- Short text fragments from websites:

+++++

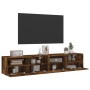 TV wall furniture 2 pcs smoked oak wood 80x30x30 cm by , TV Furniture - Ref: Foro24-836877, Price: 89,81 €, Discount: %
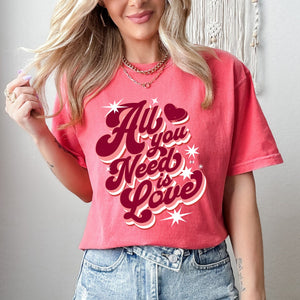 All You Need Is Love Watermelon Tee - The Red Rival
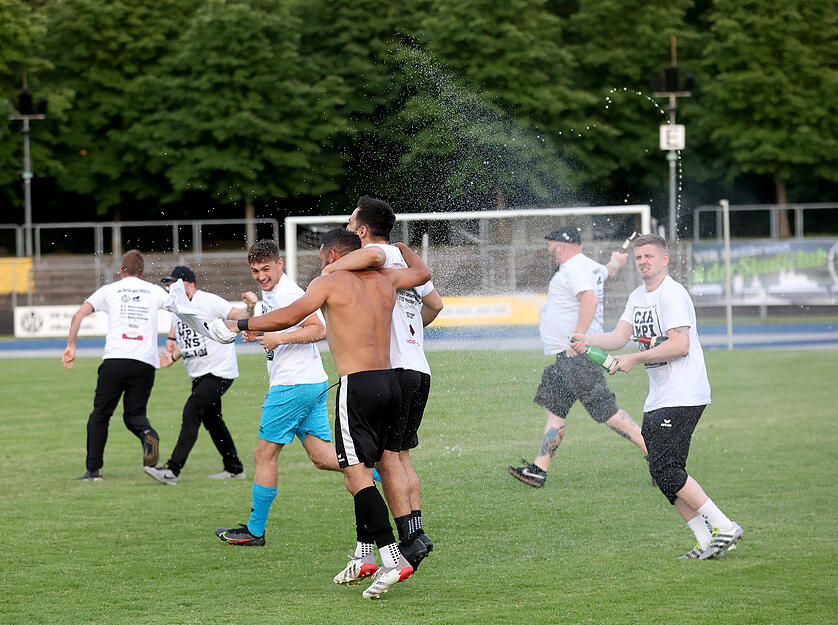 Bezirksligameister VfR Heilbronn gegen Friedrichshaller SV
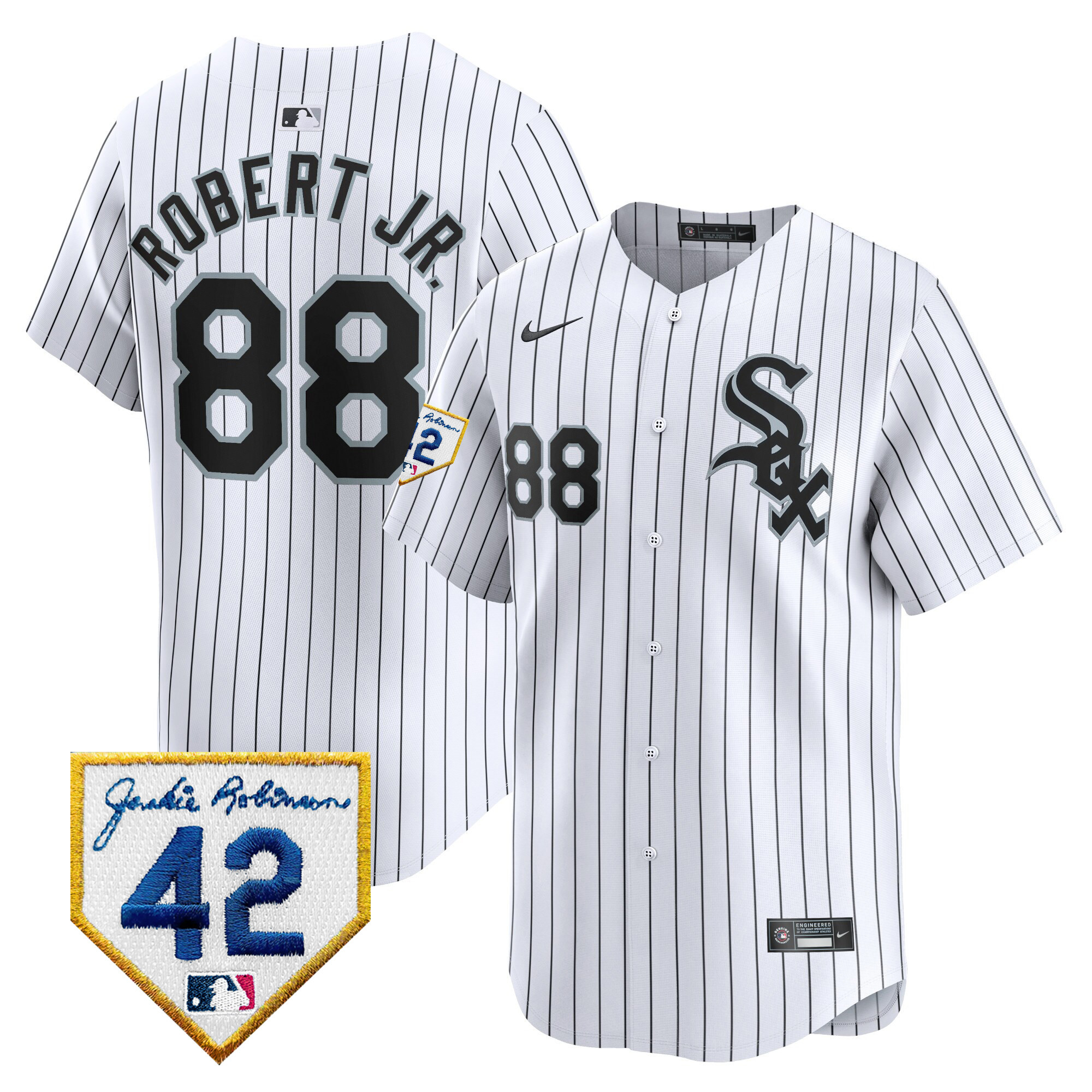 Men's Chicago White Sox 2024 Jackie Robinson Patch Vapor Premier Limited Jersey - All Stitched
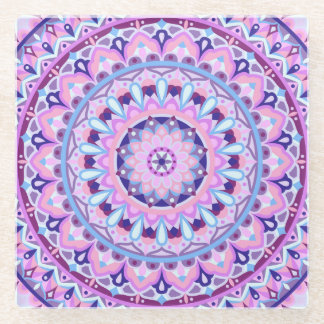 Dessous-de-verre En Verre Mandala de base violette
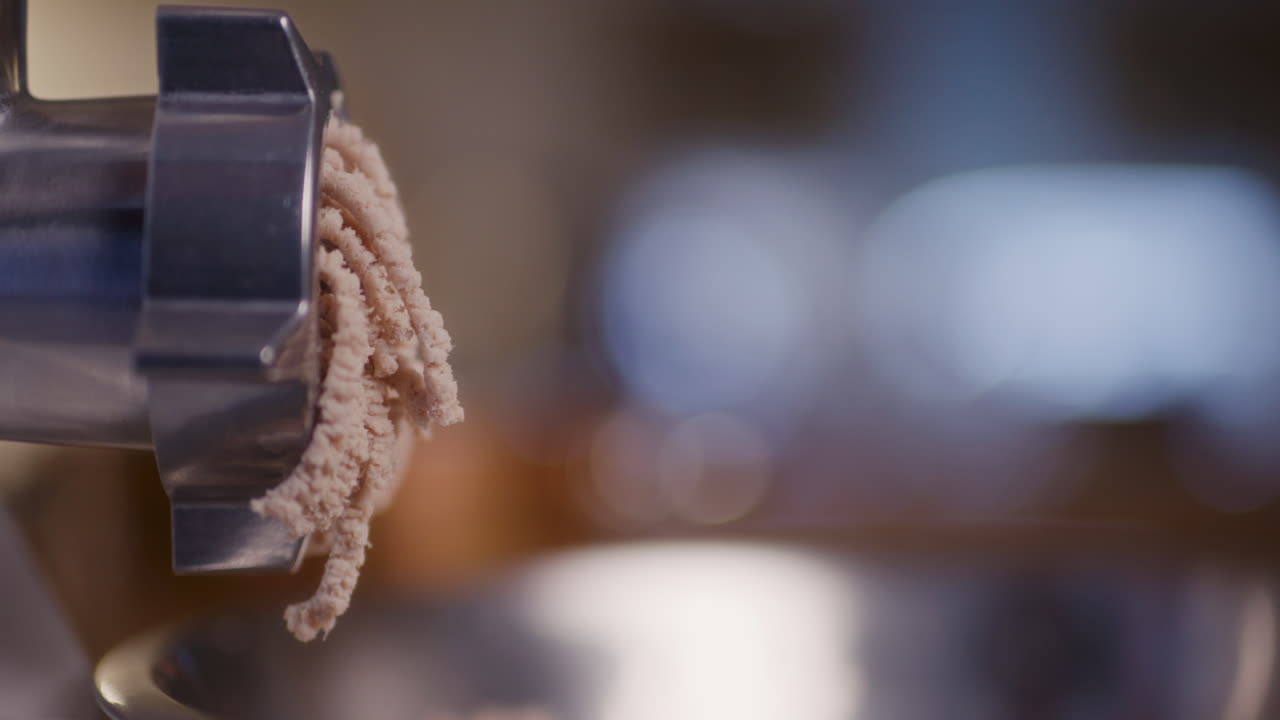 고기 가루 는 고기 와 함께 신선 한 고기 를 는다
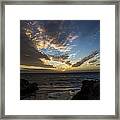 San Simeon Sunset #11 Framed Print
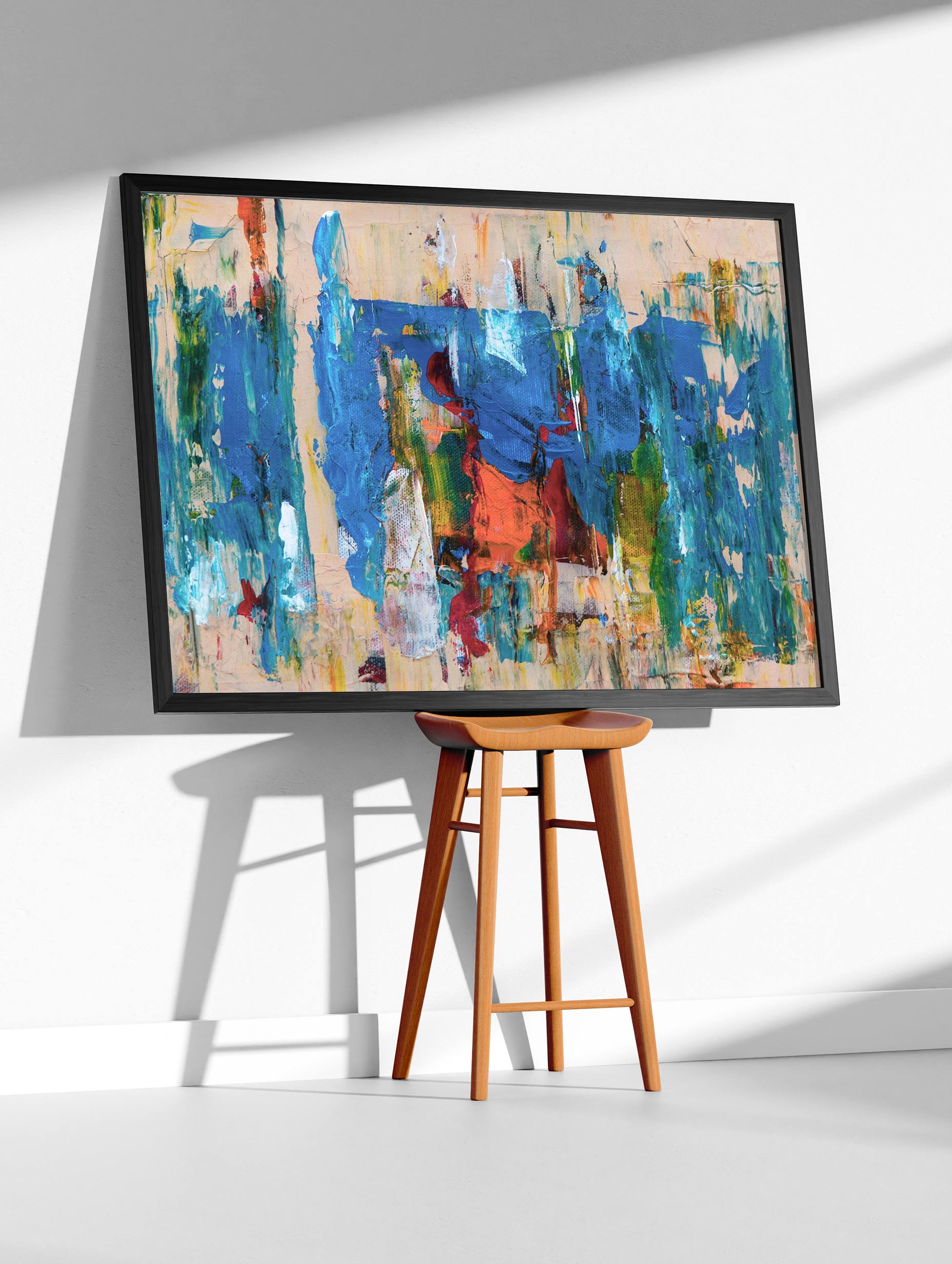 Volcanique Orange Véro Mazurek kunsttrykk
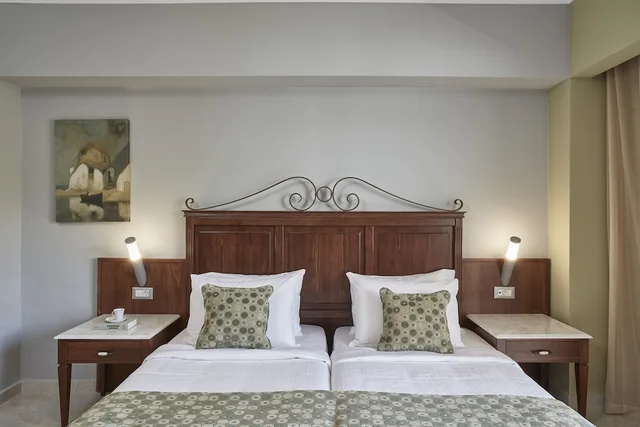 غرفة سوبيريور عائلية بسريرين منفصلين بإطلالة على الحديقة مع أريكة، Esperides Beach Resort 1/3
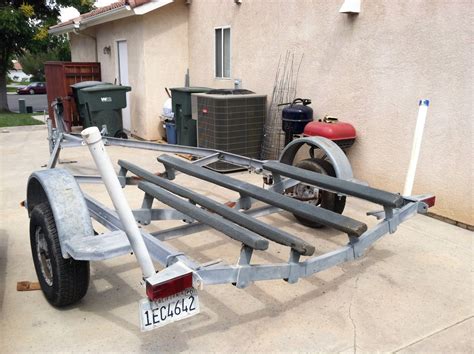 Single Axle Pacific Galvanized Trailer For 18 19 Boat Bloodydecks
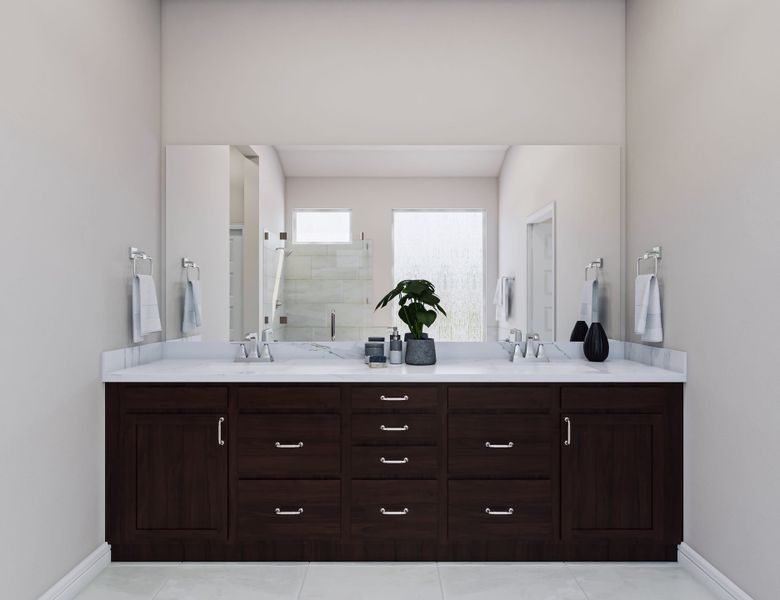 Furnished interior view inside a new home in Woodson’s Reserve, Spring (Image 14).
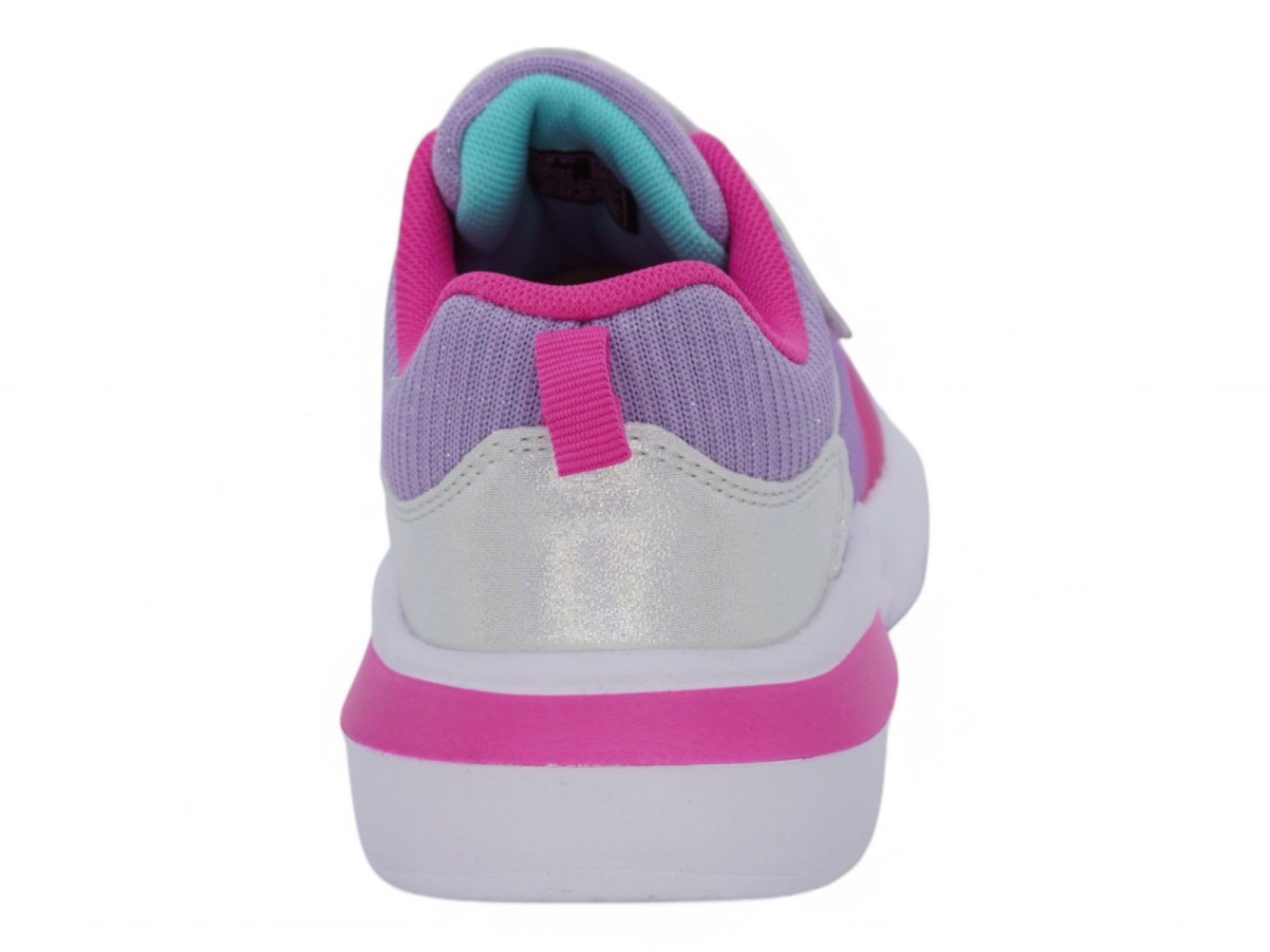 Girls Pink & Purple Ray Velcro Sneaker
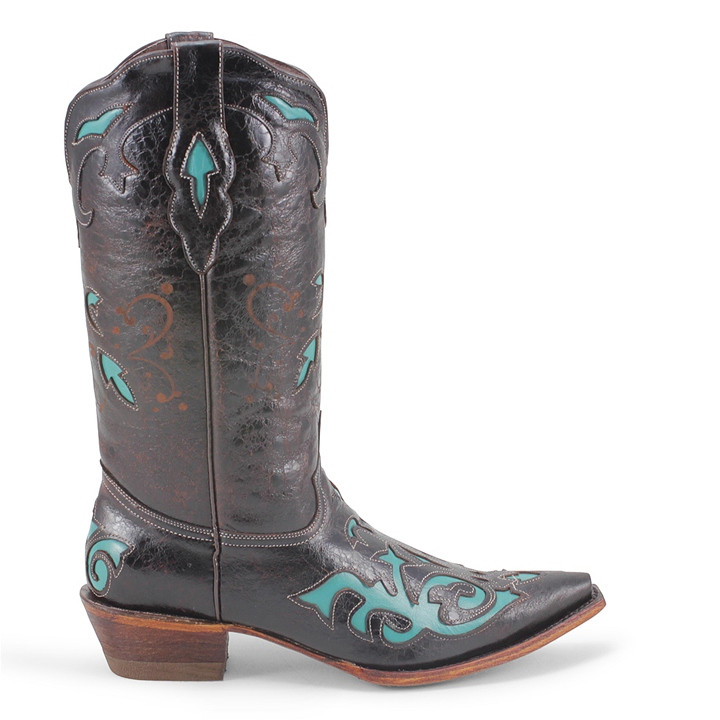 Bottes Western Homme Pecos Bill Taille 11,5 US - Cuir Bullhide Beige - Neuf Avec Boîte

+++++

- Description of the task: From the line with "Volcanique Orange Véro Mazurek kunsttrykk" through the final line of the records above, return each line exactly and nothing else. Pictures are to be skipped.

- Task result:
 Volcanique Orange Véro Mazurek kunsttrykk
 غرفة سوبيريور عائلية بسريرين منفصلين بإطلالة على الحديقة مع أريكة، Esperides Beach Resort 1/3
 Single Axle Pacific Galvanized Trailer For 18 19 Boat Bloodydecks
 Furnished interior view inside a new home in Woodson’s Reserve, Spring (Image 14).
 Girls Pink & Purple Ray Velcro Sneaker
 Bottes Western Homme Pecos Bill Taille 11,5 US - Cuir Bullhide Beige - Neuf Avec Boîte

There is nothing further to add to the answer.